Monday, September 9, 2024

Oskar Schindler's Enamel Factory

A rainy forecast dictated the inside itinerary of our first day in Kraków, a little more than five hours south by train from Gdańsk.  First stop:  Oskar Schindler's Enamel Factory, where we had to wait in line for an hour because it's free on Monday mornings.  The inscription on the commemorative plaque quotes from the Talmud:  "Whoever saves one life, saves the world entire."


Aside from the plaque, nothing about the nondescript building suggests you are about to experience another very serious lesson in Polish history.


After the Nazis invaded Poland, they set up the headquarters of their occupation in Kraków, one of Poland's oldest and prettiest cities.  As a result, it mostly avoided the destruction experienced by many other European cities during World War II.

The museum vividly documents the Nazi occupation.  It's hard to overestimate the significance of this rubber stamp on ordinary life from 1939 until 1945, when the Red Army invaded and began arresting Poles loyal to their government in exile.

Upon arrival, the Nazis attempted to destroy Polish culture by tearing down historic statues 

. . . and minting new street signs in German.  ("Hbf." means Hauptbahnhof or railroad station).


Jews comprised nearly a quarter of Kraków's 250,000 residents.  Almost immediately they were forbidden to use public transportation.



Nazis humiliated Orthodox Jewish men by removing their facial hair in public.


Some Jewish women were required to sweep snow from the streets.  From the expression on their faces, it's pretty clear they don't recognize that the unimaginable is hurtling towards them like an express train.


They soon were required to wear identifying armbands.


By 1941, the Nazis forced Jews to live in the Podgórze district, where Schindler's Enamel Factory was located.  The gated ghetto resembles the entrance to a Hollywood movie studio.


But Jews had to carry their papers--with the Nazi rubber stamp--to get in and out at all times.


The Nazis established Jewish citizen councils, called the Judenrat, ostensibly to improve communication with the group whose lives they were about to obliterate.  The Kraków Judenrat produced this demographic analysis of the ghetto.


Photos, artifacts and dioramas in the museum depict daily life in both the ghetto and non-Jewish areas of the city.




Shortly before the Nazi occupation, Karol Wojtyła began his studies at Jagiellonian University, Poland's most respected institution of higher learning (employing academics purged by both the Nazis and the Soviets).  He also performed in the underground theater.  Like all able-bodied males he was required to work and became a manual laborer.  He also began attending the seminary in secret. 



Film director Roman Polanski, a resident of the ghetto, would have been about the same age as this little girl.  He survived by living in foster homes with false identity papers.

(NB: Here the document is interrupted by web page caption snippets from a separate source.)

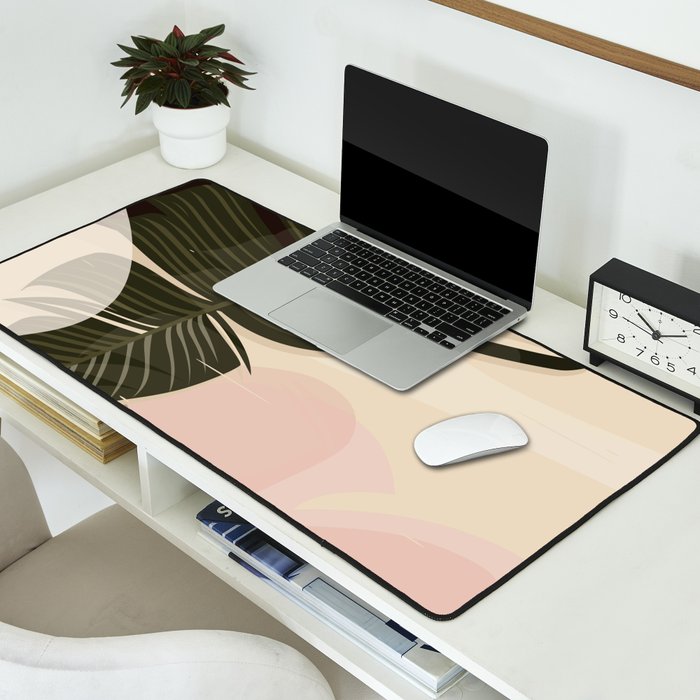 Nomade I. Illustration Desk Mat Gallery Image 2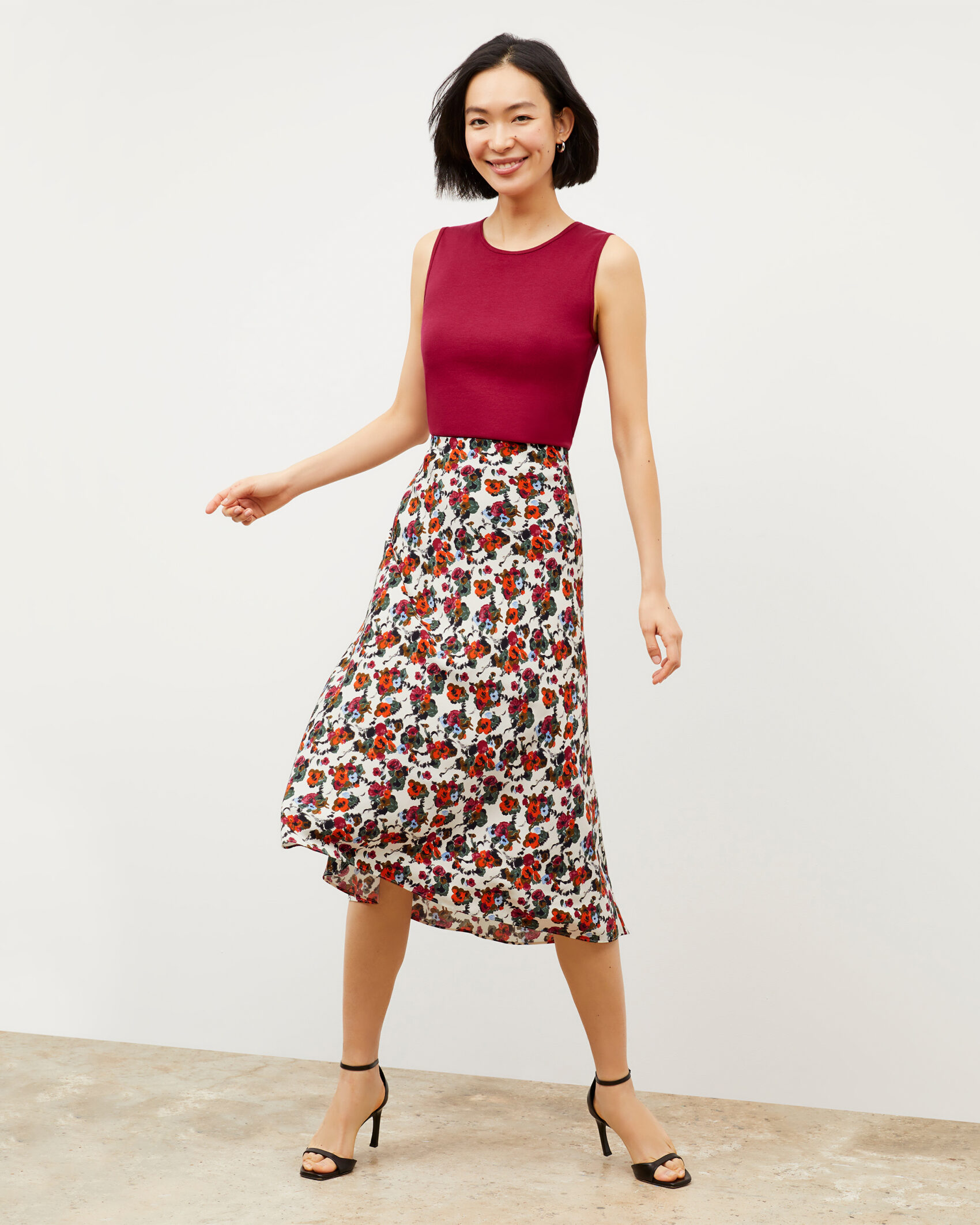 Summer Jewel Tones to Freshen Up Your Work-to-Weekend Outfits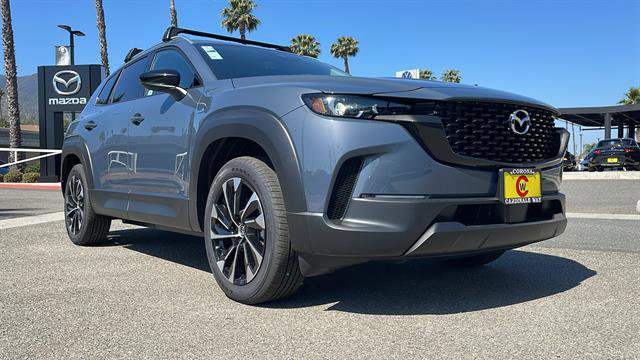 New 2025 MAZDA CX-50 2.5 Hybrid w/ Cargo Package image 5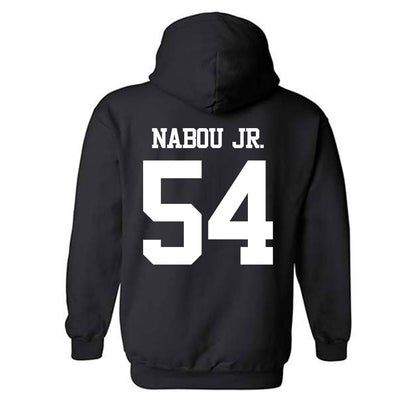Texas A&M - NCAA Football : Mark Nabou Jr. - Statement Hooded Sweatshirt-1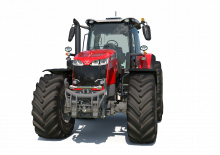 Tracteurs 4WD Massey Ferguson MF 8732 S 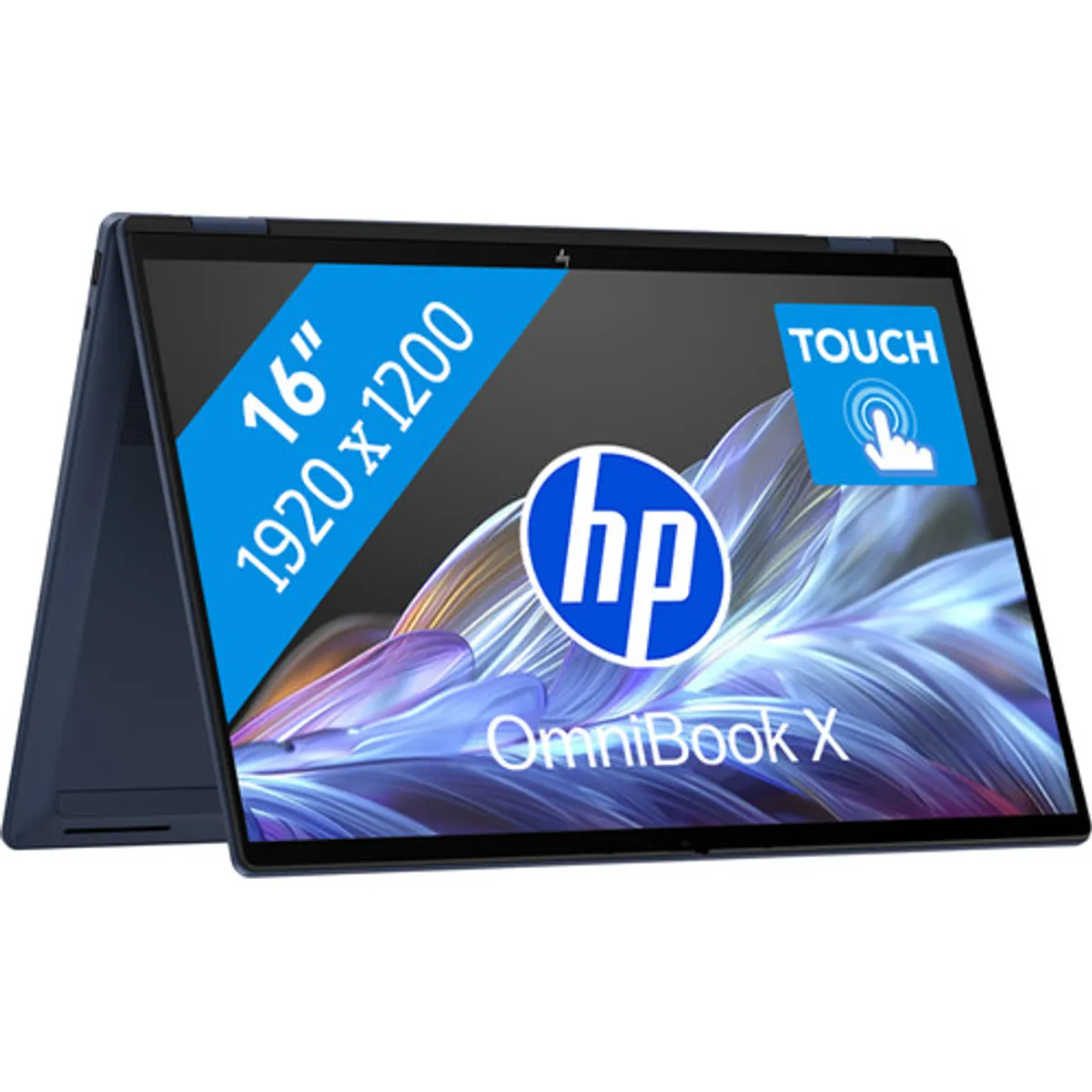 HP OmniBook X Flip NG AI PC OLED 16-cc0976ndx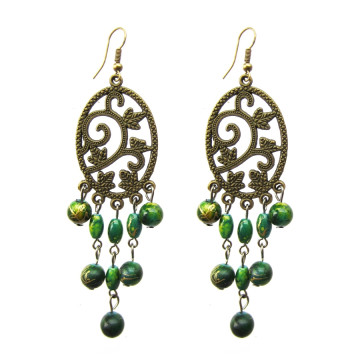 Boucles d'oreilles SUNAY
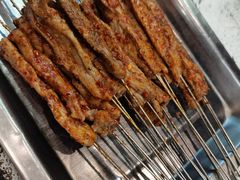 烤肉-小马烧烤(宁馨苑小区店)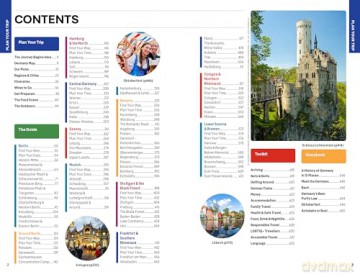 Lonely Planet Germany (Travel Guide) - Andrea Schulte-Peevers [KSIĄŻKA]
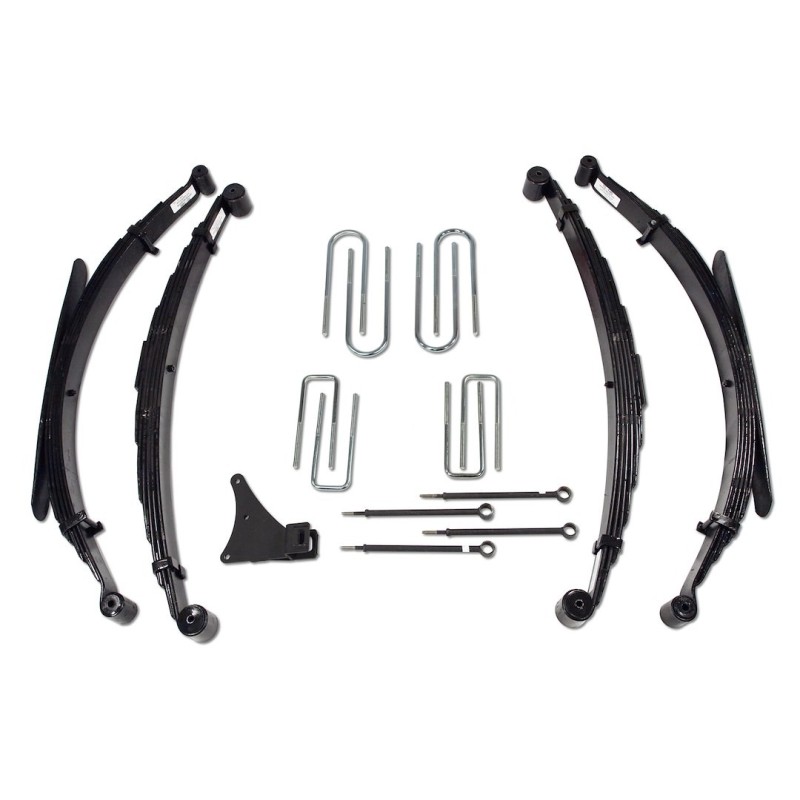 Lift Kit for 1986-1997 Ford F-350 4WD 3'' Front and Rear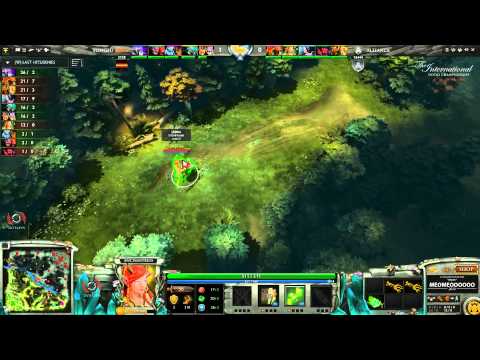 Game 2 - Alliance vs TongFu - Group Stage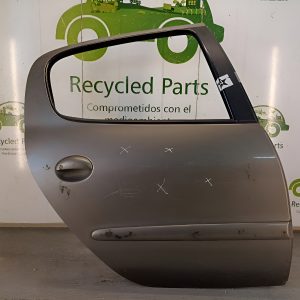 Puerta Trasera Derecha Peugeot 207 (02725603) Lp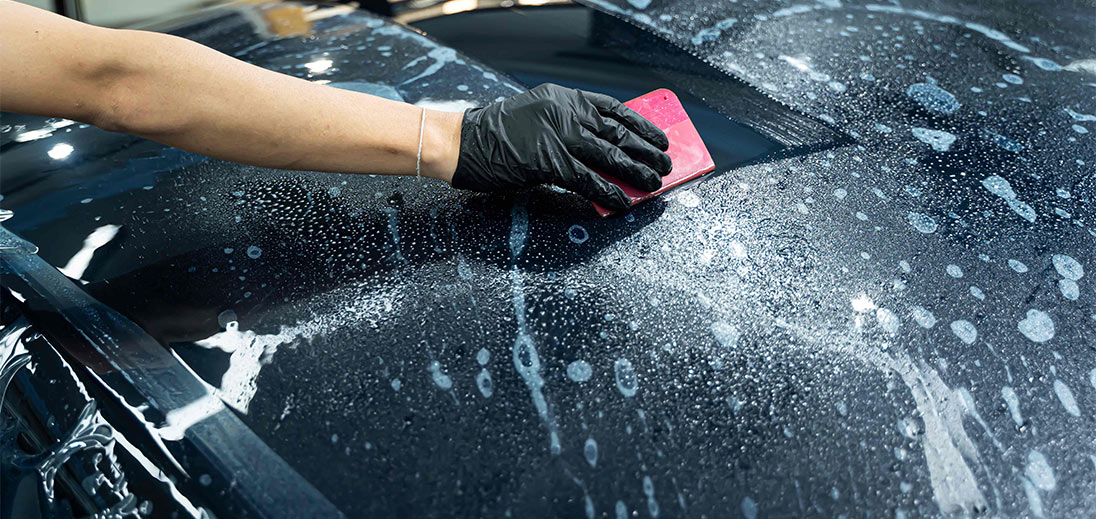 Car Wrapping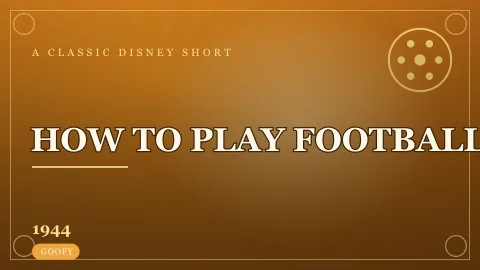 How to Play Football (1944)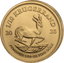 1/10 Unze Gold Krügerrand 2025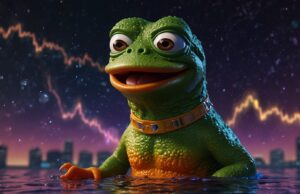 PEPE พุ่งแรง! เหรียญมีมกบแตะ $0.00002247 พร้อมลุยต่อ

But you know how the story ended for most Jews in Poland.  By March 1943--shortly before the tenth anniversary of the beer hall putsch in Munich, the event that brought Hitler to prominence--the Nazis had liquidated the ghetto and sent tens of thousands of local Jews to their death.  


One exhibit shows some of the possessions they were forced to leave behind and which the Nazis plundered.


There's surprisingly little about Oskar Schindler in the museum, aside from a documentary film featuring one Jewish and two Christian employees of the factory speaking about their boss.  This photo sits on his office desk.


Despite the immortality he achieved as a result of Steven Spielberg's film, the museum does an excellent job of humanizing him--his primary professional talent was black marketeering, which came in handy when feeding his workers--and keeping his heroic contribution in thoughtful, non-sentimental perspective:  Schindler saved 1,200 Polish Jews; three million more perished as a result of forced labor or being gassed in concentration camps.


Here's Amon Göth, commandant of the Kraków-Płaszów concentration camp, where many of the city's healthy Jews were sent after the liquidation of the ghetto to work as slaves for the Third Reich.


Not all Nazis napped shirtless with their dogs.  Some held them up by the scruffs of their necks.


It begs the question:  how can such normal-looking people be so evil?